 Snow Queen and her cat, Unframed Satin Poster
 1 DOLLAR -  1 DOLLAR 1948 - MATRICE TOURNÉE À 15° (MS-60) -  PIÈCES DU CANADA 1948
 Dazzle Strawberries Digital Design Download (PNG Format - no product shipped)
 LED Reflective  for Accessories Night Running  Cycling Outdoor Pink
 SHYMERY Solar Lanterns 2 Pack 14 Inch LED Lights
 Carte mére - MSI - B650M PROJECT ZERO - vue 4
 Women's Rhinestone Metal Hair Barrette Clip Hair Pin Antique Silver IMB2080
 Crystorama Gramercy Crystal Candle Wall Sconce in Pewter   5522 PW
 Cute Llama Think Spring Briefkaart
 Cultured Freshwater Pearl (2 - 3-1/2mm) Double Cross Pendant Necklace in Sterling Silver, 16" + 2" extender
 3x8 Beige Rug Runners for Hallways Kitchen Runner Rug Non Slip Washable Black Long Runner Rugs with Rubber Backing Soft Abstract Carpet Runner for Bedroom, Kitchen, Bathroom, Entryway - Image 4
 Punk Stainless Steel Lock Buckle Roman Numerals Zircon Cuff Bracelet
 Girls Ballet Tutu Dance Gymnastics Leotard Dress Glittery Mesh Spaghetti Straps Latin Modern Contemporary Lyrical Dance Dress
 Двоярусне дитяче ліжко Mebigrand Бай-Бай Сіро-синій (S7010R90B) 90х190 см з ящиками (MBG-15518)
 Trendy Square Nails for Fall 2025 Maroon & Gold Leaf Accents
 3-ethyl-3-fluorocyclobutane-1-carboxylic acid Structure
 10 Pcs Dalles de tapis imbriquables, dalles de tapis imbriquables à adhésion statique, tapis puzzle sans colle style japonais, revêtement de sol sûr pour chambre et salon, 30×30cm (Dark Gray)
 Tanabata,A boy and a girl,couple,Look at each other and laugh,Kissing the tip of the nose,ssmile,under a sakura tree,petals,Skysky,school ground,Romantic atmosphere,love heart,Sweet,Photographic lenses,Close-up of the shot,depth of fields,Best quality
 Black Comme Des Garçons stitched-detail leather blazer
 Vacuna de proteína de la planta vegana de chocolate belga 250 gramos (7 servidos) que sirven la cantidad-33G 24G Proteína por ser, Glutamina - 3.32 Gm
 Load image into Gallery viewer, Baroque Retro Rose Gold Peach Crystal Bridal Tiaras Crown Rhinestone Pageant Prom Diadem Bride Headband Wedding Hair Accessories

Task details — Show every line of the listing containing the string "Crystal" by copying it.

Solution to this problem —
 Crystorama Gramercy Crystal Candle Wall Sconce in Pewter   5522 PW
 Load image into Gallery viewer, Baroque Retro Rose Gold Peach Crystal Bridal Tiaras Crown Rhinestone Pageant Prom Diadem Bride Headband Wedding Hair Accessories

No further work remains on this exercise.